[PATCH 6/9] locking/qspinlock: Make CNA priority node inherit primary queue node ID

From: Waiman Long
Date: Tue Jul 28 2020 - 12:07:54 EST


When a lock waiter is not in a task context, has irq disabled or is a
RT task. It is considered at a higher priority and so will not be thrown
into the secondary queue to suffer additional lock acquisition latency.
However, if its node id is different from the primary queue node id,
we will have the situation that the primary queue node id is changed
mid-stream and the secondary queue may have nodes with the new node id
causing them to suffer undue delay.

One way to avoid this situation is to make the priority node inherit
the node id of the primary queue. That will require two numa node
fields in the CNA node - one for real numa node id and the other for
current numa node id. Since 16 bits are more than enough for node id,
we can split the current 32-bit field into two 16-bit ones without
affecting the structure size.

Signed-off-by: Waiman Long <longman@xxxxxxxxxx>
---
kernel/locking/qspinlock_cna.h | 27 ++++++++++++++++++++-------
1 file changed, 20 insertions(+), 7 deletions(-)

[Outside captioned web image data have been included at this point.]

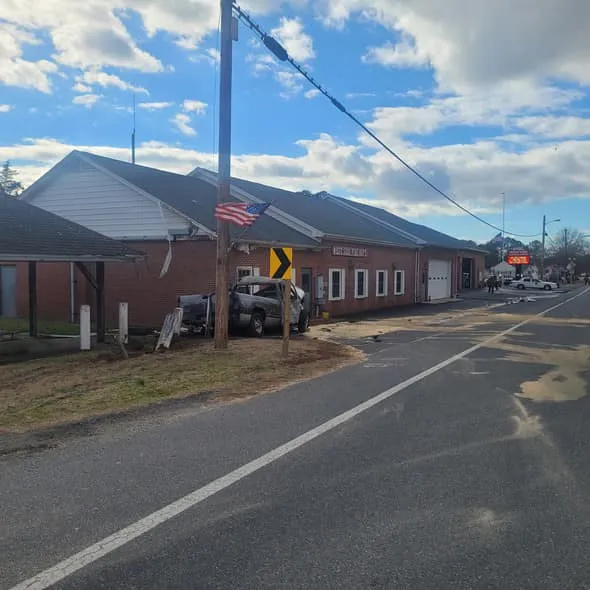 Fiery Car Crash Leaves One Dead in Wicomico County Fiery Car Crash Leaves One Dead in Wicomico County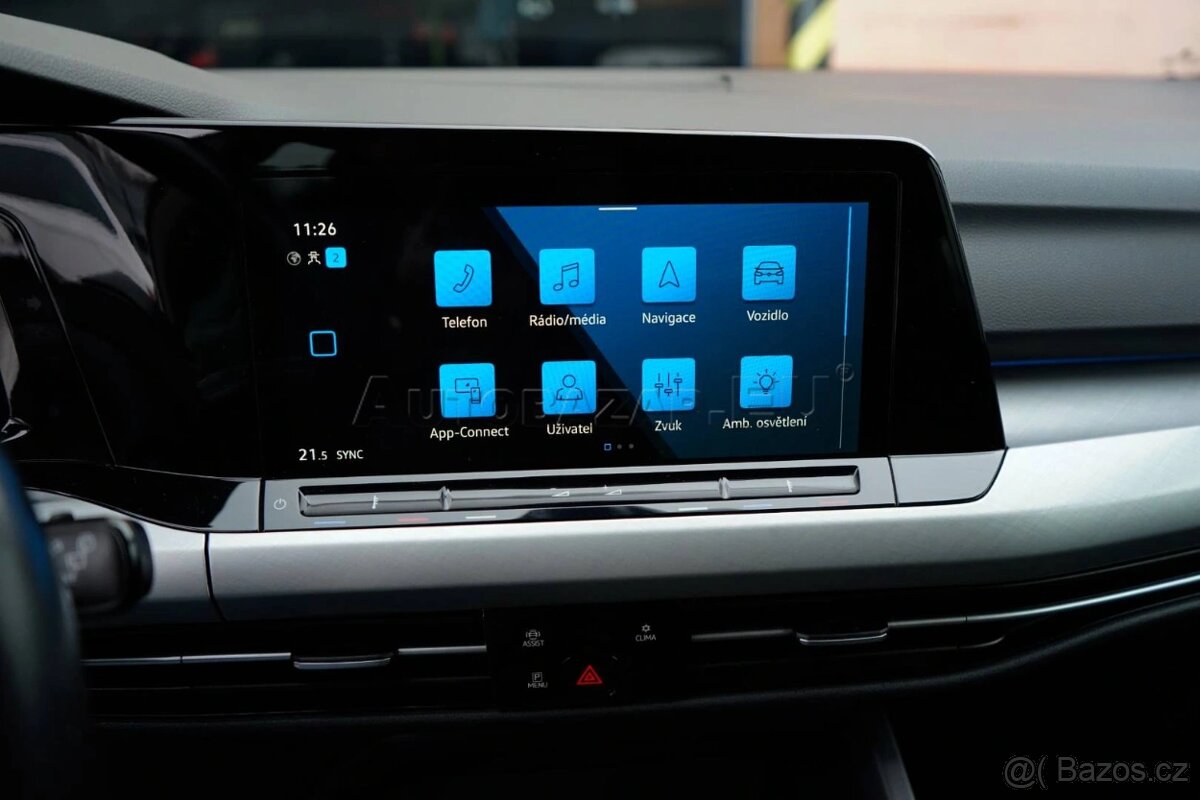 Volkswagen Golf Combi 2.0 TDI DSG - 15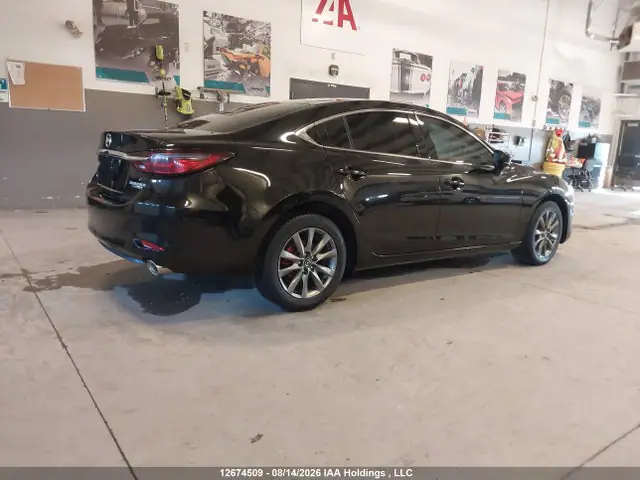 JM1GL1VM3M1604388 — 2021 Mazda 6 Touring, фото 4 с аукциона IAAI 29.09.2026, Изъят кредитором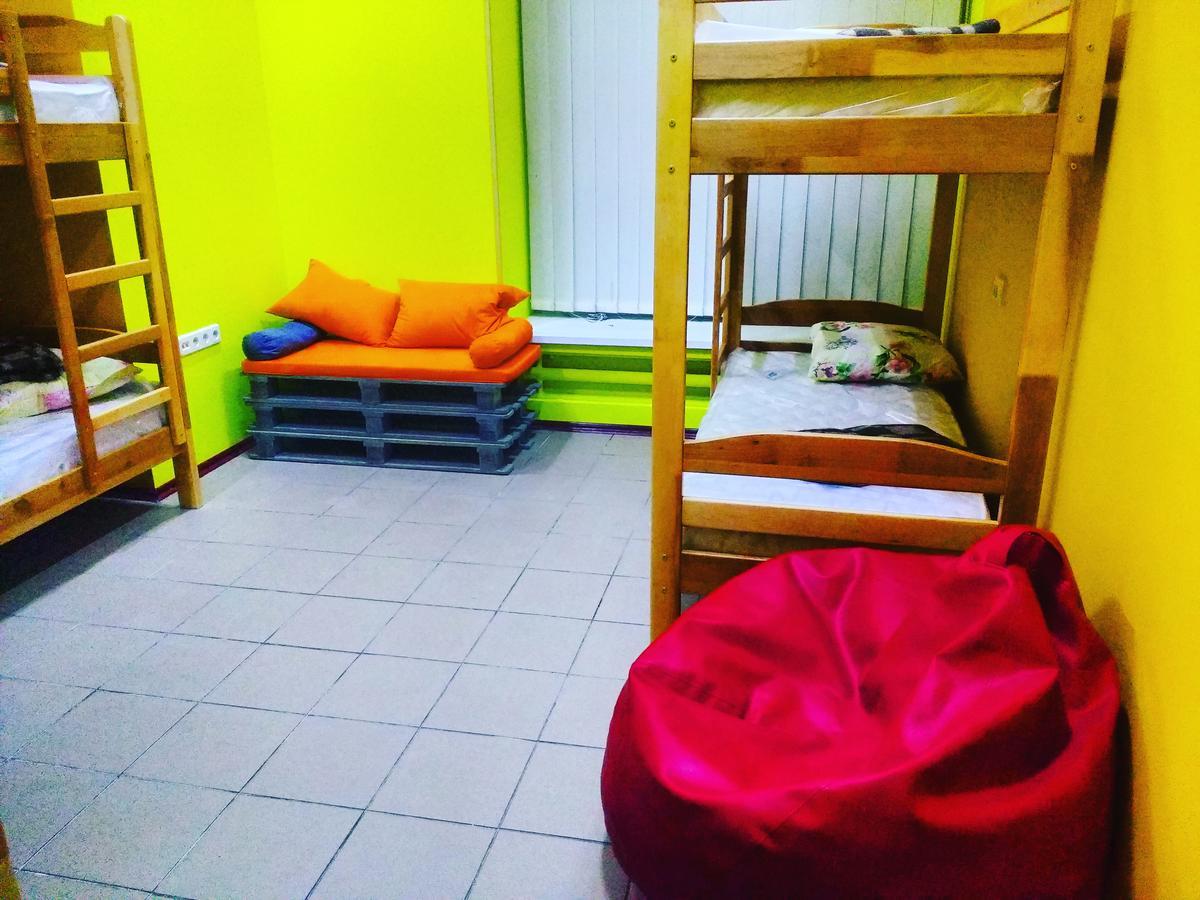Yourhostel Дорогожичи Kiev Exterior foto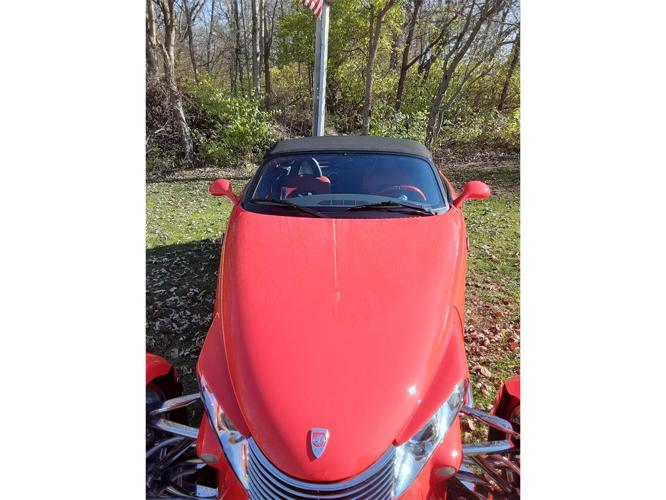 1999 plymouth prowler in greenville, ohio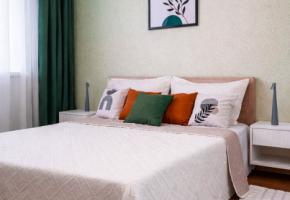 Апартаменты Оливковая роща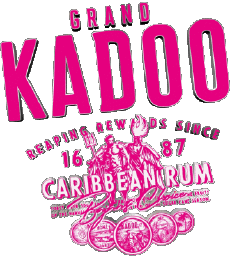 Bebidas Ron Grand Kadoo 
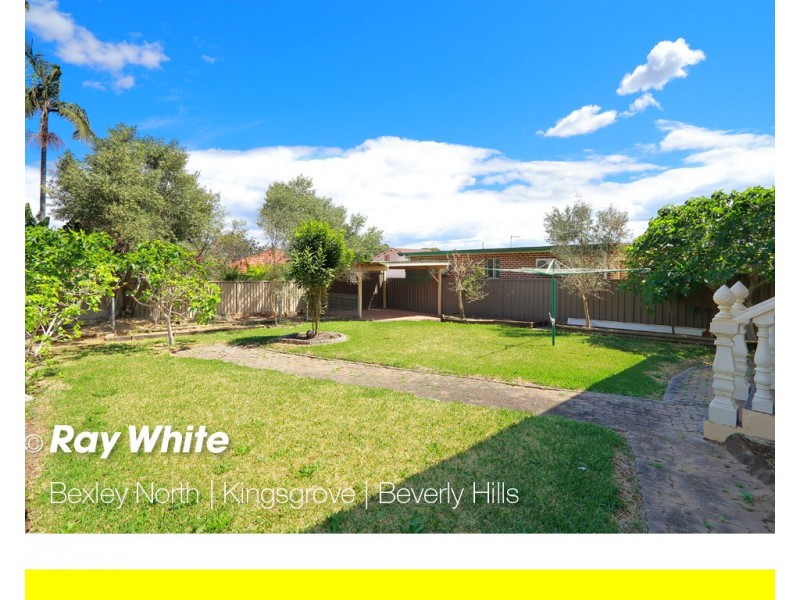 115 Wolli Street, Kingsgrove NSW 2208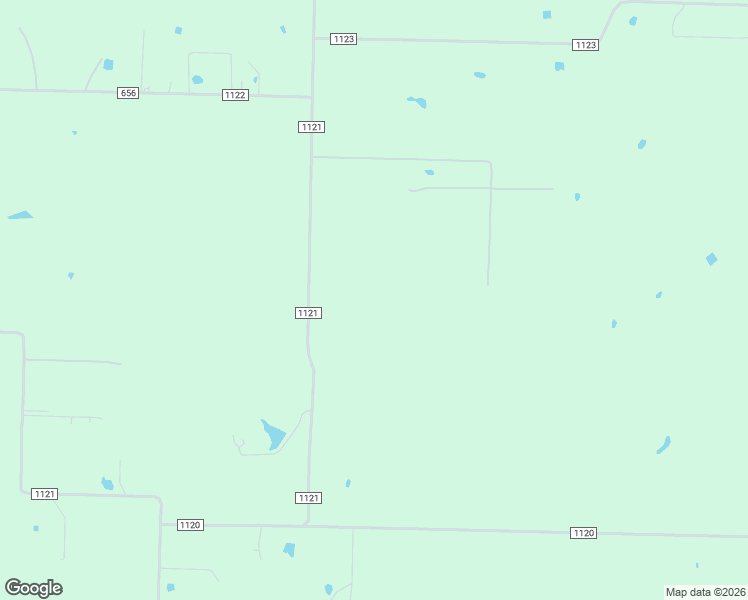 map of restaurants, bars, coffee shops, grocery stores, and more near 1089 County Road 1121 in Farmersville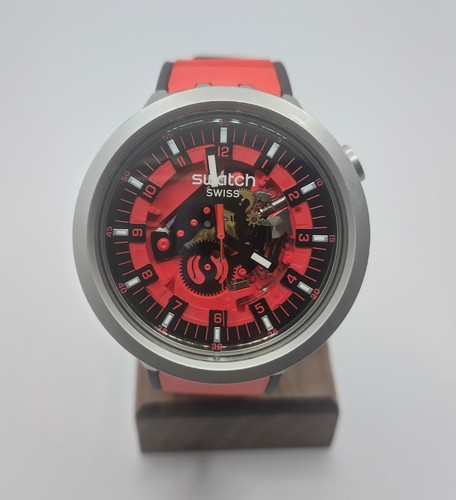 Swatch big bold - big, irony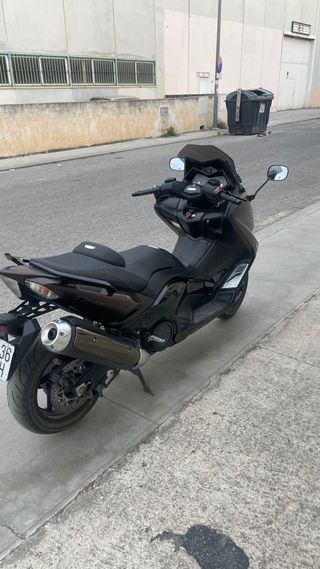 Yamaha TMAX 530 Scooter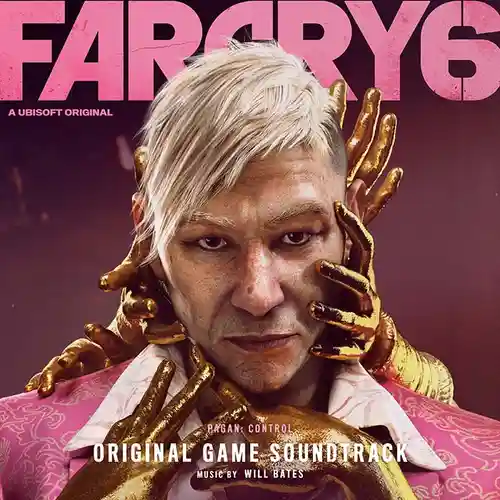 Far Cry 6 - Pagan: Control Original Game Soundtrack cover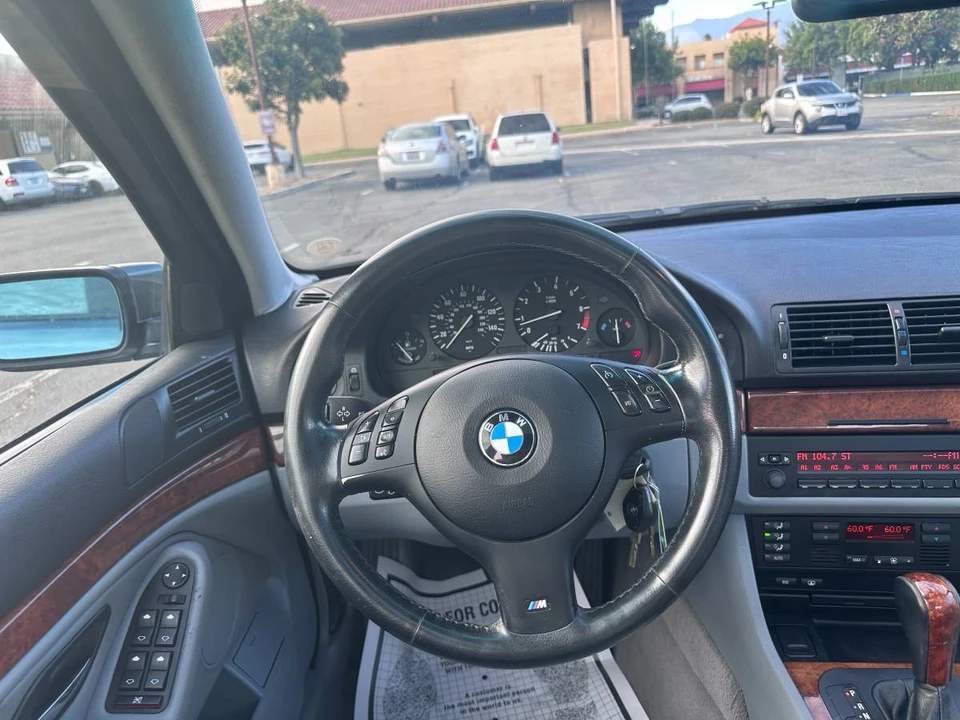 2002 BMW E39 5 Series - Image 12 of 22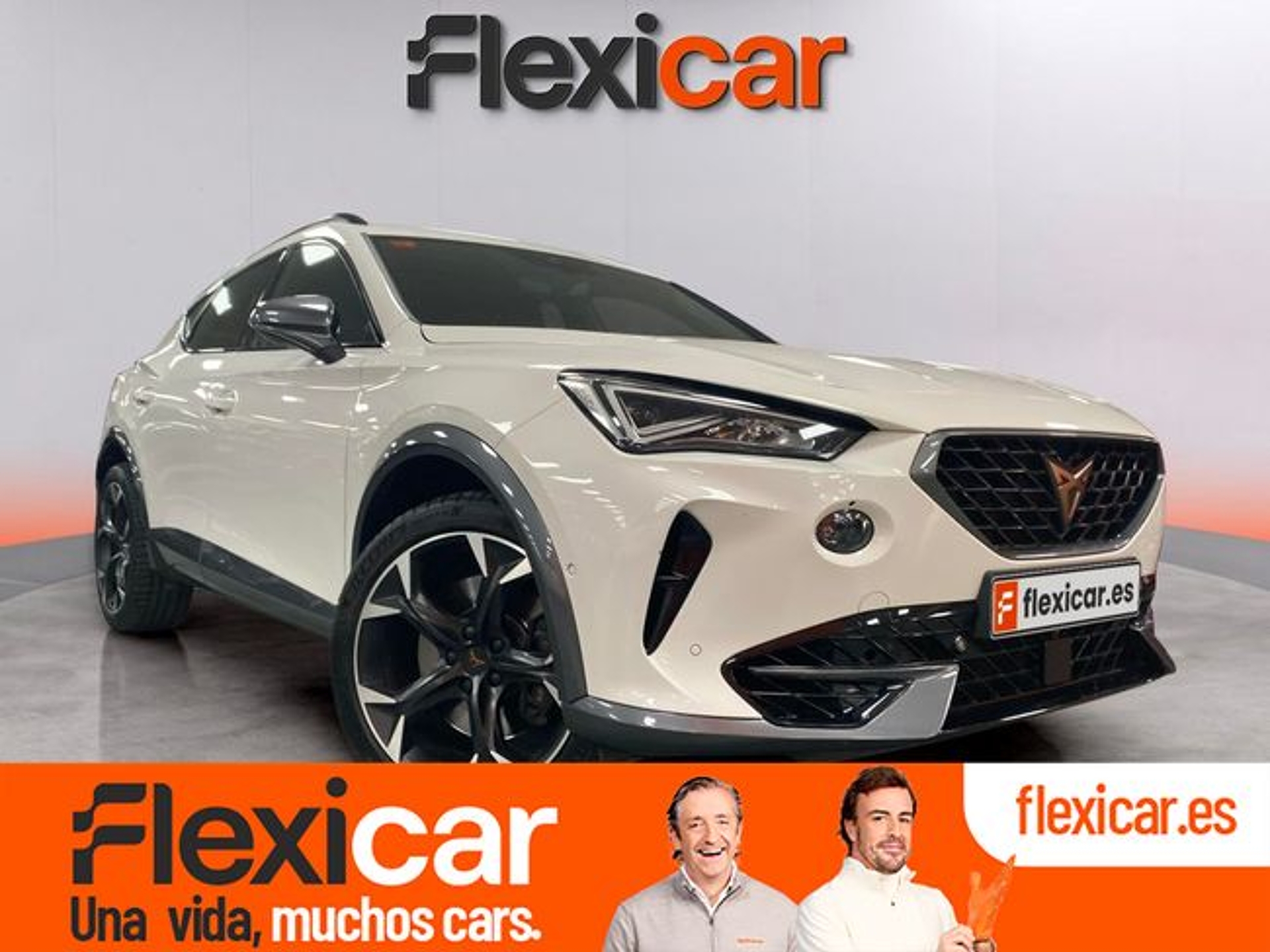 Imagen de CUPRA Formentor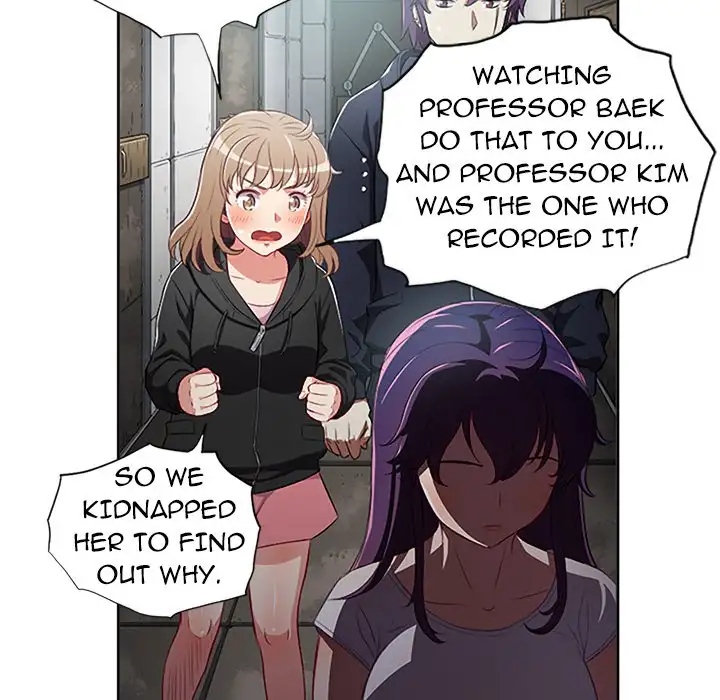 Yuri’s Part Time Job Chapter 61 - HolyManga.Net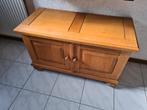 Te koop eiken dekenkist, Huis en Inrichting, Woonaccessoires | Kisten, Ophalen, 50 tot 100 cm, Minder dan 50 cm, Minder dan 50 cm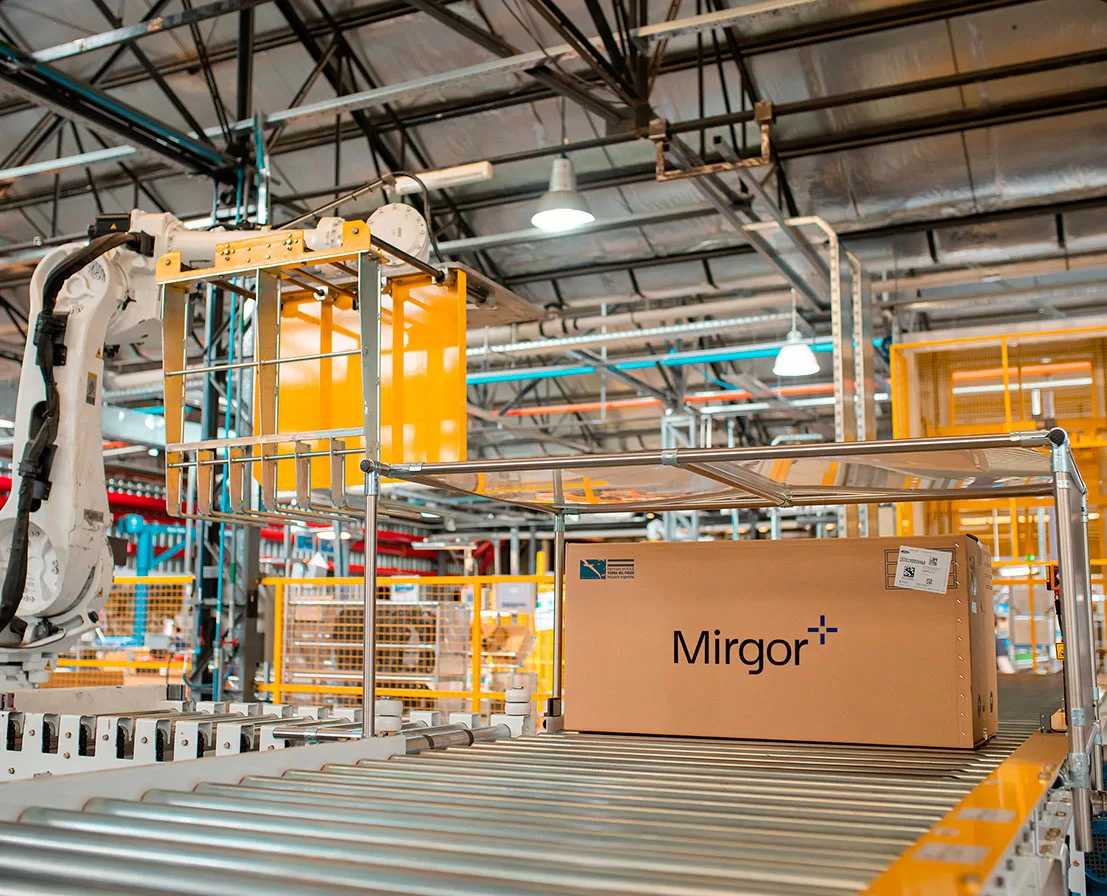 Lee más sobre el artículo Suspensiones en Mirgor: más de 360 trabajadores afectados por la apertura de importaciones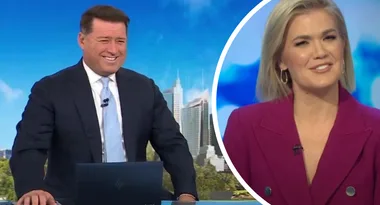 Karl Stefanovic mocks The Project for interview blunder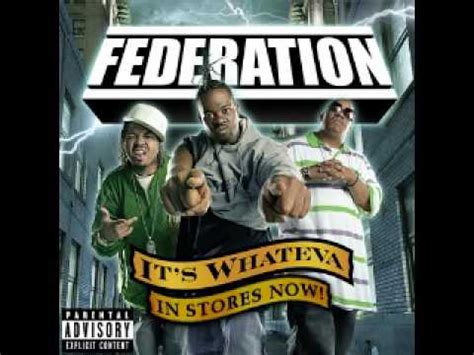 Get Naked You Beezy The Federation YouTube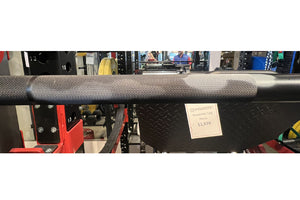 Warrior Cerakote Powerlifting Bar (Camo)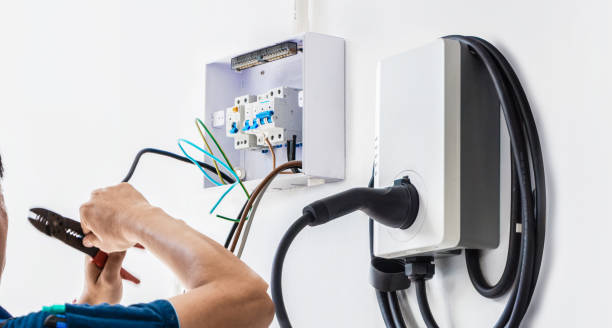 Industrial Electrical Services in Collinsville, OK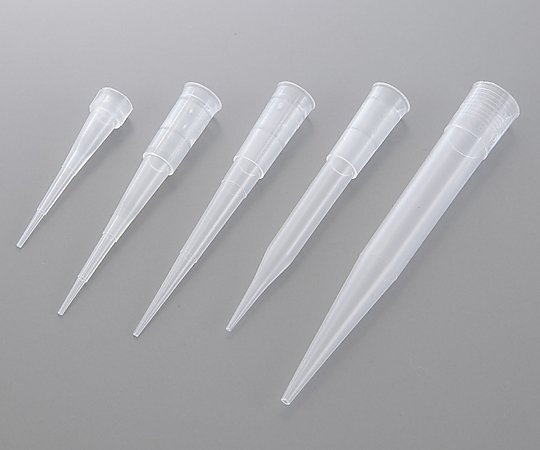 ダイアモンドチップ タワーパック D1000ST 滅菌済 100～1000uL 96本×7箱 F167204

diff --git a/kernel/locking/qspinlock_cna.h b/kernel/locking/qspinlock_cna.h
index b004ce6882b6..911c96279494 100644
--- a/kernel/locking/qspinlock_cna.h
+++ b/kernel/locking/qspinlock_cna.h
@@ -52,9 +52,12 @@
* Dave Dice <dave.dice@xxxxxxxxxx>
*/

+#define CNA_PRIORITY_NODE 0xffff
+
struct cna_node {
struct mcs_spinlock mcs;
- int numa_node; /* use LSB for priority */
+ u16 numa_node;
+ u16 real_numa_node;
u32 encoded_tail; /* self */
u32 partial_order; /* encoded tail or enum val */
u32 intra_count;
@@ -83,7 +86,7 @@ static void __init cna_init_nodes_per_cpu(unsigned int cpu)
for (i = 0; i < MAX_NODES; i++) {
struct cna_node *cn = (struct cna_node *)grab_mcs_node(base, i);

- cn->numa_node = numa_node << 1;
+ cn->real_numa_node = numa_node;
cn->encoded_tail = encode_tail(cpu, i);
/*
* make sure @encoded_tail is not confused with other valid
@@ -119,10 +122,10 @@ static __always_inline void cna_init_node(struct mcs_spinlock *node)
* be moved to the secondary queue.
*/
bool priority = !in_task() || irqs_disabled() || rt_task(current);
- ((struct cna_node *)node)->numa_node =
- (((struct cna_node *)node)->numa_node & ~1) | priority;
+ struct cna_node *cn = (struct cna_node *)node;

- ((struct cna_node *)node)->intra_count = 0;
+ cn->numa_node = priority ? CNA_PRIORITY_NODE : cn->real_numa_node;
+ cn->intra_count = 0;
}

/*
@@ -255,7 +258,7 @@ static u32 cna_order_queue(struct mcs_spinlock *node,
{
struct cna_node *cni = (struct cna_node *)READ_ONCE(iter->next);
struct cna_node *cn = (struct cna_node *)node;
- int nid = cn->numa_node >> 1;
+ int nid = cn->numa_node;
struct cna_node *last;

/* find any next waiter on 'our' NUMA node */
@@ -264,13 +267,16 @@ static u32 cna_order_queue(struct mcs_spinlock *node,
* iterate as long as the current node is not priorizied and
* does not run on 'our' NUMA node
*/
- cni && !(cni->numa_node & 0x1) && (cni->numa_node >> 1) != nid;
+ cni && cni->numa_node != CNA_PRIORITY_NODE && cni->numa_node != nid;
last = cni, cni = (struct cna_node *)READ_ONCE(cni->mcs.next))
;

if (!cni)
return last->encoded_tail; /* continue from here */

+ if (cni->numa_node == CNA_PRIORITY_NODE)
+ cni->numa_node = nid; /* Inherit node id of primary queue */
+
if (last != cn) /* did we skip any waiters? */
cna_splice_tail(node, node->next, (struct mcs_spinlock *)last);

@@ -290,6 +296,13 @@ static __always_inline u32 cna_wait_head_or_lock(struct qspinlock *lock,
struct cna_node *cn = (struct cna_node *)node;

if (cn->intra_count < intra_node_handoff_threshold) {
+ /*
+ * We are at the head of the wait queue, no need to use
+ * the fake NUMA node ID.
+ */
+ if (cn->numa_node == CNA_PRIORITY_NODE)
+ cn->numa_node = cn->real_numa_node;
+
/*
* Try and put the time otherwise spent spin waiting on
* _Q_LOCKED_PENDING_MASK to use by sorting our lists.
--
2.18.1


--------------E1866B38CD0464E8AECD0ADC--